Panji mengusap wajahnya gusar. Tubuhnya itu berguling kesana dan kemari di atas kasur empuk berbalut sprei berwarna abu-abu. Diliriknya jam digital yang memancar memberi tahu waktu melalui layar ponsel canggihnya. Pukul setengah dua pagi, kedua mata Panji masih segar seakan disiram oleh air dingin. Belum digandrungi kantuk sama sekali.

Gara-gara Kiara mengiriminya pesan tadi, Panji jadi tidak bisa tidur. Ia memikirkan segala sesuatu yang menyangkut dirinya dan Kiara.

Beban yang sejak dulu menghimpit hatinya hingga membuatnya pecah berkeping-keping itu, masihkah di sana?

Isi kepalanya yang dulu selalu dikuasai oleh Kiara, memutar semua rekaman memorinya dengan Kiara setiap kali dirinya melihat lokasi yang pernah keduanya kunjungi, masihkah sama?

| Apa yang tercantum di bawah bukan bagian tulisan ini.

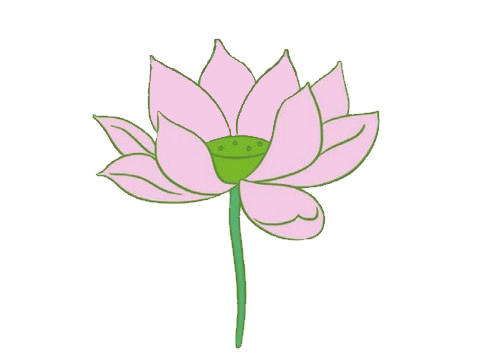 荷花簡(jiǎn)筆畫圖片大全作品三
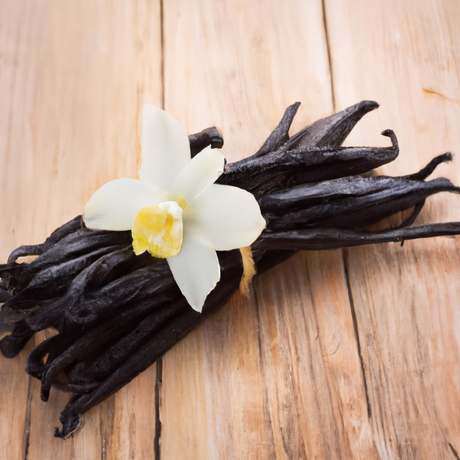 Creamy Vanilla Fragrance Oil (Alcohol Soluble)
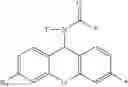 Fig. 09 - Labelled nucleotides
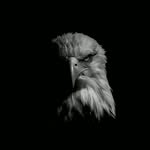 mer.ekpek profile picture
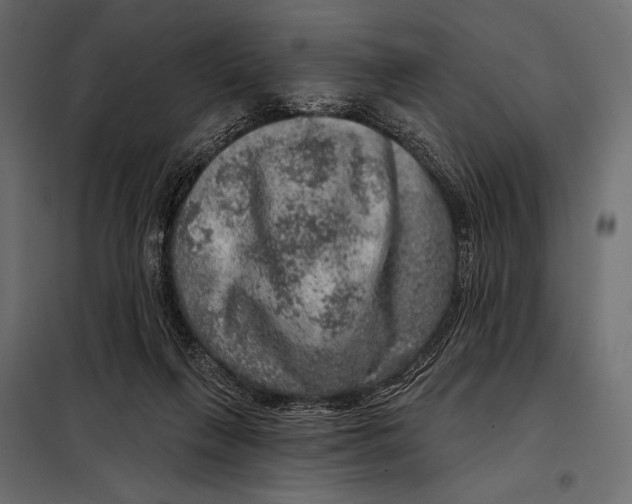 X0000098070263200804251445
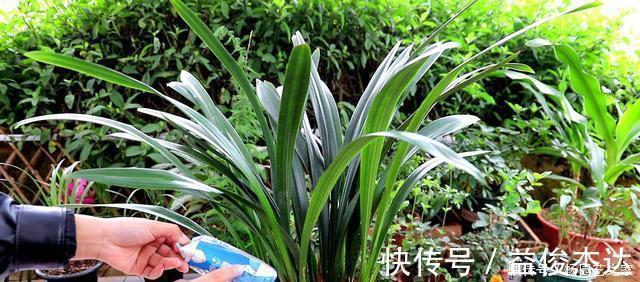 养兰花“2懒1勤”别守规矩,新芽冒不停,花箭半米高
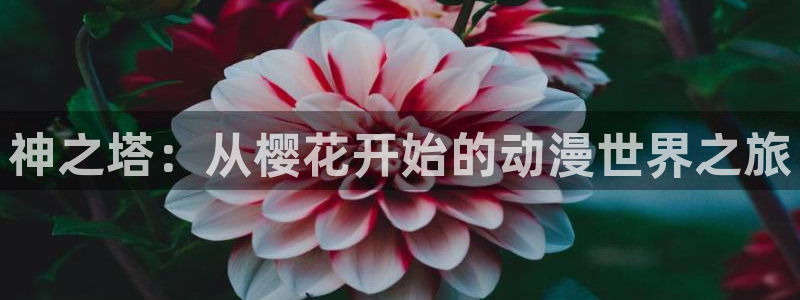 星空无限传媒观看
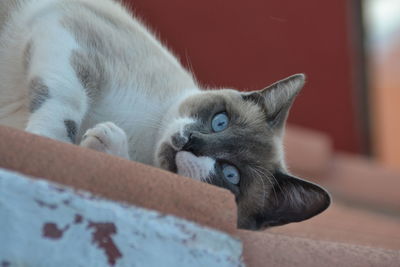 Close-up of cat resting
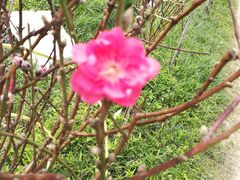 -南国桃园旅游度假区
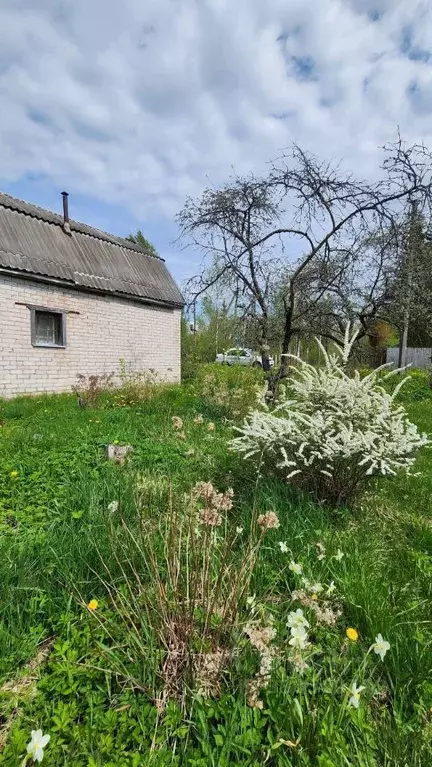 Дом в Новгородская область, Новгородский муниципальный район, ... - Фото 2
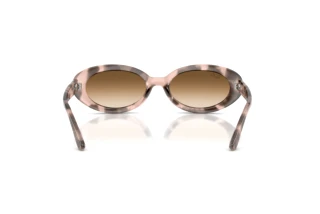 Rückansicht Ray-Ban RB2223 (144951)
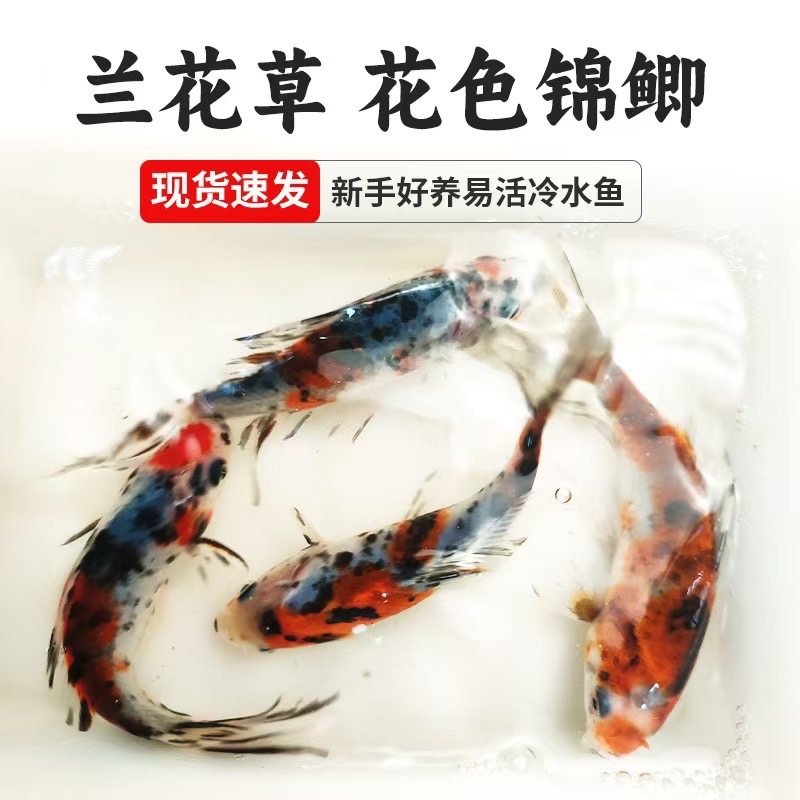 源头渔场兰花草金鱼 7-9厘米 15尾温顺好养皮实耐活 全国包邮包损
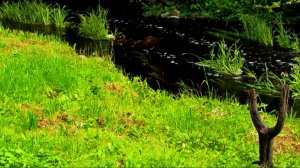 Мистическое...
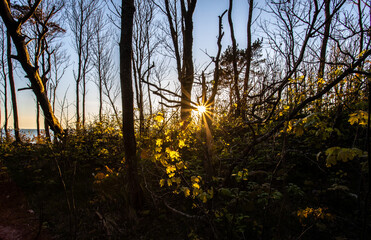 Sunset in seaside deciduous forest in spring time.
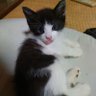Фото профиля ねこ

Sudah hampir dua bulan Panji menghabiskan waktu liburnya di kampung halaman. Kembali bercengkerama dengan segala hal yang ia tinggalkan di masa lalunya. Namun, kalau dipikir-pikir, sudah lama pula rasanya Panji mengabaikan segala hal tentang hubungan Kiara dan Juna. Hatinya pun rasanya sudah lama hampa. Tak ada lagi degupan kencang ketika telinganya mendengar nama Kiara, tak ada lagi rasa cintanya yang mengalir begitu deras untuk seorang Kiara.

Yang menjadi pertanyaan Panji adalah—apakah sudah benar-benar hilang, atau hanya bersembunyi di suatu tempat dalam relung hatinya?

Pikirannya kini bergulir pada seseorang lain yang belakangan ini sering berurusan dengannya. Tanpa disadari sudut bibirnya tertarik membentuk sebuah lengkungan. Galuh, seseorang yang berhasil membuat Panji memusatkan pandangan padanya. Menjadikan Galuh seakan-akan poros tempat dunianya berputar. Galuh dan Kiara adalah dua orang yang sama cantiknya. Namun entah mengapa Panji merasakan ada sesuatu yang berbeda dari kecantikan yang bersemayam dalam diri Galuh.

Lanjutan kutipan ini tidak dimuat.